As Volunteers' Week draws to a close, it is important to both thank people for the amazing work that they do as volunteers, and highlight the on-going support they provide throughout the year. At Business in the Community, volunteering is at the heart of what we do, and a core element of our business approach to being a force for good in society. This is most readily seen through our Give & Gain activity, sponsored by Waitrose, which celebrates the power of relationships between businesses and charities, and the skills, insights and mutual understanding shared as a result. The time and support offered by businesses through their employees enables the sharing of knowledge and expertise to help charities address key social challenges.

What can often be forgotten, but which is as powerful, is the opportunity provided by volunteering for a business to connect with and understand the places and communities in which it operates. Reflecting on recent events, globally and locally, there is a level of disconnection and lack of trust within communities. Polling commissioned by BITC through YouGov in April 2016 demonstrated people’s expectations of the role of businesses in society, with 53 per cent of respondents agreeing that their employer could do more to connect with the local area in which the organisation is based (rising to 62 per cent amongst 18-24 year olds). This is confirmed by the Edelman Trust Barometer, a global annual study, which illustrates a very telling story. The latest survey conducted in 2017, highlights that in the UK, 60 per cent of respondents believe that the current system is not working for them. Alongside this, only around 50 per cent of respondents said that they trust businesses or non-governmental organisations (charities) to do the right thing.

BITC, working with Waitrose, believe that the incredible work undertaken by individuals as volunteers, either on their own or on behalf of their business, offers a key way to address this disconnection. Central to this is the need to bring people together to understand each other. From March to May this year, with the support of Waitrose, we organised a series of Community Conversations, bringing together representatives from businesses, community organisations and local government to explore the issues affecting local communities and demonstrate how different organisations can combine to build a connected society. Taking place from Bracknell to Leeds, and Cardiff to Great Yarmouth, the Conversations covered topics as diverse as child literacy, the isolation of elderly people, supporting young offenders to reintegrate into society and enabling the growth of social enterprise, and included representatives from 133 business and 156 community organisations.

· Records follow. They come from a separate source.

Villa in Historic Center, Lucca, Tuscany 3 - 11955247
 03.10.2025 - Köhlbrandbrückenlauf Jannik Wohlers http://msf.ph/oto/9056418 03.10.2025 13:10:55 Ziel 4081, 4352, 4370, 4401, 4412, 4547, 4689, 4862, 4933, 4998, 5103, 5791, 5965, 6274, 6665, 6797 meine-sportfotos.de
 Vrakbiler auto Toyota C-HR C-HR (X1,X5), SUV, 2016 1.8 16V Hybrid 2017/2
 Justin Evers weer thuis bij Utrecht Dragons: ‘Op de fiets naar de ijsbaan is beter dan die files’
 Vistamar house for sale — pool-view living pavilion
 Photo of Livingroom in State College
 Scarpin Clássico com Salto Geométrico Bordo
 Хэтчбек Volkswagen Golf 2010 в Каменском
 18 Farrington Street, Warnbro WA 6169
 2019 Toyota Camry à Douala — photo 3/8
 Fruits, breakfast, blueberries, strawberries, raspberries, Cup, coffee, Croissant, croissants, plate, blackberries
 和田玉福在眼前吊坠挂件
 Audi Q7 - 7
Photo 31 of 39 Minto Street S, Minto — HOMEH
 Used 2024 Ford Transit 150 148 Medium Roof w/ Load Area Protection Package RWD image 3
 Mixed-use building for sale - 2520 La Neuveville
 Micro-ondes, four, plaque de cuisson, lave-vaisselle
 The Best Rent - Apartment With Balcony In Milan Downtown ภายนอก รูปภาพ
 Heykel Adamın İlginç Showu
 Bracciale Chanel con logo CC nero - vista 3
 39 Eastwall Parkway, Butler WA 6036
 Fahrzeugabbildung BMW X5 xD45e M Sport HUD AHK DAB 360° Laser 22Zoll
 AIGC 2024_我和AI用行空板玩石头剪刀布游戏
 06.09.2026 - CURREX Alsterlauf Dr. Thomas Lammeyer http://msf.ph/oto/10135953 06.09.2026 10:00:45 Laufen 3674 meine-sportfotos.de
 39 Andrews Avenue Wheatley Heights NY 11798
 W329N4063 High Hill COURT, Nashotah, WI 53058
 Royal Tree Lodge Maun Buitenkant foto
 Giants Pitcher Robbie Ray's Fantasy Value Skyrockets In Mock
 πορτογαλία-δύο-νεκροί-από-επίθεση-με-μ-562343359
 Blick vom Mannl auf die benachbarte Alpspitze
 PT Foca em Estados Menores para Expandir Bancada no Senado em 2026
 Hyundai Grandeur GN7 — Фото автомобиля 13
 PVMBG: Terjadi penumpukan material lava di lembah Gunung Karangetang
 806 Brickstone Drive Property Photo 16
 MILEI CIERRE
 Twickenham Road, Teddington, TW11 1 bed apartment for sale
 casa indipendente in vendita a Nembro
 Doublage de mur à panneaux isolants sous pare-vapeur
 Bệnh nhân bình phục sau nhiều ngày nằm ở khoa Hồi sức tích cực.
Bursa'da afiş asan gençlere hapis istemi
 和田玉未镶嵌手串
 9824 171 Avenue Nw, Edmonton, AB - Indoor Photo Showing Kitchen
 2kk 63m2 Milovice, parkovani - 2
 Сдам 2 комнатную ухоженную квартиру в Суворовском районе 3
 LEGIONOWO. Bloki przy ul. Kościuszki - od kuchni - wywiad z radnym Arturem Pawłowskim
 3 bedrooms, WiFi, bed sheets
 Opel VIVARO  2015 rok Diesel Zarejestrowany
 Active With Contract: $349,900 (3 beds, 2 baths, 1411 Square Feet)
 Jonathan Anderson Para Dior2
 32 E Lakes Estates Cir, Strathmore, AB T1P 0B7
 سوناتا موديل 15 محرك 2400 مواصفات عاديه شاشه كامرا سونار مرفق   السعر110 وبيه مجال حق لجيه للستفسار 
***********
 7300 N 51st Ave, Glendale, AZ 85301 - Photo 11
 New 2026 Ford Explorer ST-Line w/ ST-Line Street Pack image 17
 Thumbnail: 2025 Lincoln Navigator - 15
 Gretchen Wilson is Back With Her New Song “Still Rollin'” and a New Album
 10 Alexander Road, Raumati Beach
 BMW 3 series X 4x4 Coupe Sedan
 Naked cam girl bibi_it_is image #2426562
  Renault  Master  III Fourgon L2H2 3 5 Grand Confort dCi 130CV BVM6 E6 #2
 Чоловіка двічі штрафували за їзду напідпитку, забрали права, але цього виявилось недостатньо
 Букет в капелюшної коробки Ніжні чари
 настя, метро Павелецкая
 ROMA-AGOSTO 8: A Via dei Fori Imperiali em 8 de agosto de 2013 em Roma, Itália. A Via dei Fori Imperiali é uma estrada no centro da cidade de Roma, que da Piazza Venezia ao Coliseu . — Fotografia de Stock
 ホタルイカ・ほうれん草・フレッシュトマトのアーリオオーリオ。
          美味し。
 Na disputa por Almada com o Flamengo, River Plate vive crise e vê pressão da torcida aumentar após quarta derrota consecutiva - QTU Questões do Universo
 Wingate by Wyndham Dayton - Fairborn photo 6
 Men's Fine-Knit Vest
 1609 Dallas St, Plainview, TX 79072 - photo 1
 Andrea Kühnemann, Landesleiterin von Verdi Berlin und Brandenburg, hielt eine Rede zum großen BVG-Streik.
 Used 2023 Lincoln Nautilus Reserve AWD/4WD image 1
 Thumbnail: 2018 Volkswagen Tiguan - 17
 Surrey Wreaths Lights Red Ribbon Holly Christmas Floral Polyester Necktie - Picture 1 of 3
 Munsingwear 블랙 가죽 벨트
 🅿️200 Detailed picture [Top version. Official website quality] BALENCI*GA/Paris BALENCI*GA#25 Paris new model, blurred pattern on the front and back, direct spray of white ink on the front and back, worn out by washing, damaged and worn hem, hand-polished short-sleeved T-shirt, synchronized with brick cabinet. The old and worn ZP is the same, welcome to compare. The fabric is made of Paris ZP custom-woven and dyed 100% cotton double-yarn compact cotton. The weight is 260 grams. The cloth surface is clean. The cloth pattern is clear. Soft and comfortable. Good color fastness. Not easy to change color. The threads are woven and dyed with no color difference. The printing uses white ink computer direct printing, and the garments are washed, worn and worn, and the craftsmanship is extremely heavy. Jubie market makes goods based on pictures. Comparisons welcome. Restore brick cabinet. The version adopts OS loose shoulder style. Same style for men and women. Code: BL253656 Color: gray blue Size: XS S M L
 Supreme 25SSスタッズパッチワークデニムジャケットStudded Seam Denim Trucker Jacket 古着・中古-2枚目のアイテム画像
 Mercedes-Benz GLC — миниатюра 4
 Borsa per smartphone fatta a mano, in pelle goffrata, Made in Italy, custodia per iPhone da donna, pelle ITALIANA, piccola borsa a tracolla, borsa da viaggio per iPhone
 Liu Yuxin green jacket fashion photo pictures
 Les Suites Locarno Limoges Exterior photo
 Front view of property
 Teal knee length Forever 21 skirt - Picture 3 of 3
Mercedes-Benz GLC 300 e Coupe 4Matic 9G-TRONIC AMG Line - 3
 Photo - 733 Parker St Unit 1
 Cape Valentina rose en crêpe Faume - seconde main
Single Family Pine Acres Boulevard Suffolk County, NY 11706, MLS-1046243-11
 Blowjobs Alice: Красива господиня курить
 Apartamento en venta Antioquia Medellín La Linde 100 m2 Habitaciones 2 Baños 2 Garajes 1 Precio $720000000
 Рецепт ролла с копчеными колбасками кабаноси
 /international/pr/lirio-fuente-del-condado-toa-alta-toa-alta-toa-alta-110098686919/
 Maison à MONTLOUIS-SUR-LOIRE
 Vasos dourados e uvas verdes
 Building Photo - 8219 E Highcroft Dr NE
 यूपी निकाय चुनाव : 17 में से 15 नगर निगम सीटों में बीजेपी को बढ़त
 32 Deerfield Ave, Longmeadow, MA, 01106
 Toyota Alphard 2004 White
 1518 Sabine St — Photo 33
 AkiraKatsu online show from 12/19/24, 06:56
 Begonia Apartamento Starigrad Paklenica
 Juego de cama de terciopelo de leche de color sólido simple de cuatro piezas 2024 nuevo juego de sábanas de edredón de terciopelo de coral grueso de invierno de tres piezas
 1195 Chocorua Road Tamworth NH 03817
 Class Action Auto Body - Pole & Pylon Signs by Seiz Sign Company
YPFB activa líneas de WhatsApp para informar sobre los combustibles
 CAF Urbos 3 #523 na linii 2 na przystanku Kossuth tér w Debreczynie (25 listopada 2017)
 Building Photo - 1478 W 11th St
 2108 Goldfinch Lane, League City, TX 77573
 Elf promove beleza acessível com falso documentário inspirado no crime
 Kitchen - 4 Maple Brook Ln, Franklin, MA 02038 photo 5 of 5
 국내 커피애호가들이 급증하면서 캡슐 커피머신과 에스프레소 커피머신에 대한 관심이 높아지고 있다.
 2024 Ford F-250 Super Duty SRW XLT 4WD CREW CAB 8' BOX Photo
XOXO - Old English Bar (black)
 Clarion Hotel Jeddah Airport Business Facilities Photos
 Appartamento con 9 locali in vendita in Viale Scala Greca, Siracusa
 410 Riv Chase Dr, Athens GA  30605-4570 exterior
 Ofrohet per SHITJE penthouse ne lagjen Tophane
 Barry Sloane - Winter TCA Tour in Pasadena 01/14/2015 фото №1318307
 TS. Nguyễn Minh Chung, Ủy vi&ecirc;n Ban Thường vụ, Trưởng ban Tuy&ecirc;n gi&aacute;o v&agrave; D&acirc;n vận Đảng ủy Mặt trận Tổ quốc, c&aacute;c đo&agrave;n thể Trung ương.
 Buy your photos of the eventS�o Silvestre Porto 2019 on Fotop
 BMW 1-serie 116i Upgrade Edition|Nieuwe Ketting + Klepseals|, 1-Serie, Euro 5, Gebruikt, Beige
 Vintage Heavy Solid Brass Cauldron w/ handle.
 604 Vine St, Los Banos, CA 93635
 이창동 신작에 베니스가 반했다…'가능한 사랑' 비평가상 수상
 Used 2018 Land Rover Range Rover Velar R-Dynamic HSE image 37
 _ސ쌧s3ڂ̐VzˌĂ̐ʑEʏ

Conversations are just the starting point however. They are fundamental to building trust, but require action to drive support and impact. As a result of the Conversations, we are already starting to see new relationships between businesses and communities. For example, Waitrose organised the Bracknell Community Conversation. At the event, Panasonic committed to using its resources to help develop community organisations by offering to give away their old laptops and cameras to Berkshire Youth. And in Birmingham, Mondelez International has developed a new relationship with Smart Works, who support women into work. The relationship includes connecting Smart Works to the Mondelez HR team, who will be advising and supporting local women when they return to work, and the Mondelez women’s group in Northern Europe; and considering ways in which Mondelez employees can advise and support Smart Works with a range of skills such as finance and marketing. Other relationships are continuing to develop. You can find out more about the different Conversations at www.bitc.org.uk/giveandgain.

Core to the effectiveness of these relationships is the sharing of knowledge and skills, which is fundamental to ensuring that any volunteering achieves impact. It’s fair to say that sharing skills and helping an organisation to improve their capacity to deliver can be a powerful way to drive long-term positive value in communities. Research produced by the Universities of Hull and Sheffield, supported by BITC, has demonstrated the importance of sharing skills that address the needs of community organisations. Businesses and community organisations working together to complement their respective strengths and harnessing these in a mutually beneficial way can build the longer-term partnerships that get to the root cause of an issue. We encourage all businesses to engage with their communities to build effective relationships that both address trust and share knowledge whilst addressing the key challenges in communities that are most relevant to the business.

By volunteering in this way, businesses can also develop the skills of their employees, alongside developing satisfaction and pride in their organisation. A recent report published by Accenture in 2016 demonstrates that volunteering resulted in 89 per cent of employees reporting increased job satisfaction, 87 per cent reported greater pride, and 76 per cent of volunteers said they developed core work skills. This focus on skills-based employee volunteering will be increasingly important for business, as they seek to attract and engage the Millennial generation. Motivations for volunteering are evolving. BITC’s April 2016 poll demonstrated that whilst over 56 per cent of adults aged over 24 volunteered to ‘give back’ to their community, 48 per cent of young people aged 18-24 volunteer are seeking to gain new skills, and 38 per cent feel that volunteering has boosted their career options.Therefore, volunteering needs to have shared benefits; for the business, the community and the individual involved. However, that does not mean that we should ever forget the incredible support provided by volunteers. So, as Volunteers' Week draws to a close, it is important to remember to say thank you; to the individuals who volunteer, to the businesses that provide the opportunities for them to do so, and to the incredible range of charitable organisations working hard in our communities to support people who need it.

Happy volunteering all!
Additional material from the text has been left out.